» WORK REQUIRED
Repeat only the stretch of lines below that runs from the line with "深圳市深德技工学校开设的专业好不好（附：招生简章）-广东技校排名网" through the line with "Barnehagepersonalet skal være", unaltered.
[SUPPLIED MATERIAL Boundary: Start]
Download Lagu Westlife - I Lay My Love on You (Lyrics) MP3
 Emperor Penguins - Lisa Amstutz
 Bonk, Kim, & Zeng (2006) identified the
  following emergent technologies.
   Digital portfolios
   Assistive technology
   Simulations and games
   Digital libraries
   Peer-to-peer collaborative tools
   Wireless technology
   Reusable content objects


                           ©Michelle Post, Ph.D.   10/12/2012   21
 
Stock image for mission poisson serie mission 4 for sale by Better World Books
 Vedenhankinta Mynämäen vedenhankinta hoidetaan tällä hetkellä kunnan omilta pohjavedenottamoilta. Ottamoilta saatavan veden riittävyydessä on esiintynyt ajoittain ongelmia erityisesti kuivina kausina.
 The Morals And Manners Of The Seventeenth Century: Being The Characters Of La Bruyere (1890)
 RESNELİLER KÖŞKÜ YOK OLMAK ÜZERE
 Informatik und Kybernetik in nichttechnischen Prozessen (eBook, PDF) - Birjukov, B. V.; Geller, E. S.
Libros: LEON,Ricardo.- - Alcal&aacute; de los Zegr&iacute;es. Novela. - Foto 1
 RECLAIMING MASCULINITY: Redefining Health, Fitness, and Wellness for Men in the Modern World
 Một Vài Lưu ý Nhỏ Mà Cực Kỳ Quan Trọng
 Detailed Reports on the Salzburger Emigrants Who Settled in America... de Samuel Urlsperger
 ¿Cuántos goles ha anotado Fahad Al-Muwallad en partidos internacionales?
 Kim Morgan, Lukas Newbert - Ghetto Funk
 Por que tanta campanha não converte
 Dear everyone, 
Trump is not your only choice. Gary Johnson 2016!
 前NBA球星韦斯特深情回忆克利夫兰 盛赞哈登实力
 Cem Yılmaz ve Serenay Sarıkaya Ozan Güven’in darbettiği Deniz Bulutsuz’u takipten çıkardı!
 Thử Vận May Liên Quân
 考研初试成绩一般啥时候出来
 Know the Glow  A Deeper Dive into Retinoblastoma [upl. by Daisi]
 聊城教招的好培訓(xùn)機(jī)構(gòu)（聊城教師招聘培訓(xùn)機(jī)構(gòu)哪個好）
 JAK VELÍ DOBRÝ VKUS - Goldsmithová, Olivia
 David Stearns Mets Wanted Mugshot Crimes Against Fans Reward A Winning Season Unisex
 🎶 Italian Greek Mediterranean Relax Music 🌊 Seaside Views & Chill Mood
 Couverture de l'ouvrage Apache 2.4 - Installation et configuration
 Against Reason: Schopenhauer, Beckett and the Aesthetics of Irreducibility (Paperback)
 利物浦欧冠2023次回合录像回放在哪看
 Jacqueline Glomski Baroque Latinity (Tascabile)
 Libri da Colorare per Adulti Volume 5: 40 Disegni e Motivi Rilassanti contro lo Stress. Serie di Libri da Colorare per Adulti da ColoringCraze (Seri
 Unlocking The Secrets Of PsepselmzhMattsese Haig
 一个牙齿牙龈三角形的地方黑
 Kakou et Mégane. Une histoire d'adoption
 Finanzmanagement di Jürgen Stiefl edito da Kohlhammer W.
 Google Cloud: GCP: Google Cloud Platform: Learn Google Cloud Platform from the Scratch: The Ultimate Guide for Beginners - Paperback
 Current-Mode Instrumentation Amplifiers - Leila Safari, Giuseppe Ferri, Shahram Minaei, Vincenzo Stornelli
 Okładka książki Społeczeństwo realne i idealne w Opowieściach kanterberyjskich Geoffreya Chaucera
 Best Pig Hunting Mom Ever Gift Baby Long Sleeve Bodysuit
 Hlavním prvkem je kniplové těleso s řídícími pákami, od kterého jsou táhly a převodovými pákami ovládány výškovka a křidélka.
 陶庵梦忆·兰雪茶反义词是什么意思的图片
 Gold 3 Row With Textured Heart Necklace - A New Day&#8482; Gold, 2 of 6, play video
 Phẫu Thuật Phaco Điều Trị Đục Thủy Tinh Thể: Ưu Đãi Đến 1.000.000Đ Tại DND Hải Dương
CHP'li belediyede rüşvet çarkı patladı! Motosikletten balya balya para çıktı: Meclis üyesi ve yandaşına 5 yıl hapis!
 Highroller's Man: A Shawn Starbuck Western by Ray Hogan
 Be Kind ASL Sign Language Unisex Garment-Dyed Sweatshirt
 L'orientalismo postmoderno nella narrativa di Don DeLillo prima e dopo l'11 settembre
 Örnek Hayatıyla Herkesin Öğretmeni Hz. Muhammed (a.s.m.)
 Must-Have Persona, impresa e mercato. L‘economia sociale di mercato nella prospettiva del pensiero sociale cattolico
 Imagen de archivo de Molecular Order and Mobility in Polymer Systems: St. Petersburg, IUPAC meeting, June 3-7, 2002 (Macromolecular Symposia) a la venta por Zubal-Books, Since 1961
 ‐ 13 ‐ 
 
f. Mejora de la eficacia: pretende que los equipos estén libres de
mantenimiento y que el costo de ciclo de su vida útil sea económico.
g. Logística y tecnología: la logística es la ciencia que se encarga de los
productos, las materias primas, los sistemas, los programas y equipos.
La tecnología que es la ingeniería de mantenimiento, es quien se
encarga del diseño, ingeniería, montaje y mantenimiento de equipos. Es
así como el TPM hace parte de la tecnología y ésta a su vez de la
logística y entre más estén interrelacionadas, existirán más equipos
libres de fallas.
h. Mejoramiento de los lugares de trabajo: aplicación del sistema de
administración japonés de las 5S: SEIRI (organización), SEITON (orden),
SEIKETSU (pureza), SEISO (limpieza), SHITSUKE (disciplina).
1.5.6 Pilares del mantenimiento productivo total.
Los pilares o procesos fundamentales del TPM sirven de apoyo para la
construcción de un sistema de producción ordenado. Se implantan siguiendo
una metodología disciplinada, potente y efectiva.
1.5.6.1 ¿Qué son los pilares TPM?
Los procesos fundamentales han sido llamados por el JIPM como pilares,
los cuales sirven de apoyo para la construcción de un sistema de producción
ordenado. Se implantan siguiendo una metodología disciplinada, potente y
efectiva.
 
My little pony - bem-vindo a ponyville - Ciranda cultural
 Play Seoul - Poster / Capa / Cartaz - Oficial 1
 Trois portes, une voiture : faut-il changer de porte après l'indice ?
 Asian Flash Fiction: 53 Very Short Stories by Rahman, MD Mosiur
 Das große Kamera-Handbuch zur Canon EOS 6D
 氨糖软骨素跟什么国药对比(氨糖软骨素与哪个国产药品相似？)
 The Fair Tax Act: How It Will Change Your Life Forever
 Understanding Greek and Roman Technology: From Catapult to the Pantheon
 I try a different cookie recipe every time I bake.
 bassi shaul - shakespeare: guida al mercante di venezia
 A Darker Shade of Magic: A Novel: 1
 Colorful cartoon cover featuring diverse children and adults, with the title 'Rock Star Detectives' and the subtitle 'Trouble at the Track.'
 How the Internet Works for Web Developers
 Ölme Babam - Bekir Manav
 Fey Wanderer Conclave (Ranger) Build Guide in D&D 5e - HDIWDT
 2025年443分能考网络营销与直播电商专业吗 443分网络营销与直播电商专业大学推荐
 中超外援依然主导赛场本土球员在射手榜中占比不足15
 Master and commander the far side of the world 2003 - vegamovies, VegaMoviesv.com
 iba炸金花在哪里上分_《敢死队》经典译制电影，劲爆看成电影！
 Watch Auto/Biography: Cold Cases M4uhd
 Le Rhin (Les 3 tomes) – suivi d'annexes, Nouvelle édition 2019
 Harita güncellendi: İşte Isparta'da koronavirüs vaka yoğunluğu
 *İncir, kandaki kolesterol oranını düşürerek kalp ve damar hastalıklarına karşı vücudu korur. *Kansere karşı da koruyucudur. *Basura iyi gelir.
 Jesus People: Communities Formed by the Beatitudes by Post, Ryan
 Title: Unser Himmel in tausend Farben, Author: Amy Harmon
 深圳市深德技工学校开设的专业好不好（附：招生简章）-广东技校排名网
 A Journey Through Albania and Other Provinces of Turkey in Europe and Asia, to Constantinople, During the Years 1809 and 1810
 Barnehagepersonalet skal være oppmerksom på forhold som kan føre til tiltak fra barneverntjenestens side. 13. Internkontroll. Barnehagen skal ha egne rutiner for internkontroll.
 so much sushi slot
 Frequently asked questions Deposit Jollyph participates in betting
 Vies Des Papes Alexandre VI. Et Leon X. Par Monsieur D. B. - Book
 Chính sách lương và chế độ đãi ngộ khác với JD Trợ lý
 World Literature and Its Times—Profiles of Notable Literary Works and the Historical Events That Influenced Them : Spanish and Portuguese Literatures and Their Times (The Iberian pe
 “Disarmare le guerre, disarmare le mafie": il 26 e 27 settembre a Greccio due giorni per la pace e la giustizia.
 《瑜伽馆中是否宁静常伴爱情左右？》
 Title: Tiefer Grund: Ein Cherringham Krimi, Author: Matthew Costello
[SUPPLIED MATERIAL Boundary: End]
» REPLY TO THE EXERCISE
 深圳市深德技工学校开设的专业好不好（附：招生简章）-广东技校排名网
 A Journey Through Albania and Other Provinces of Turkey in Europe and Asia, to Constantinople, During the Years 1809 and 1810
 Barnehagepersonalet skal være oppmerksom på forhold som kan føre til tiltak fra barneverntjenestens side. 13. Internkontroll. Barnehagen skal ha egne rutiner for internkontroll.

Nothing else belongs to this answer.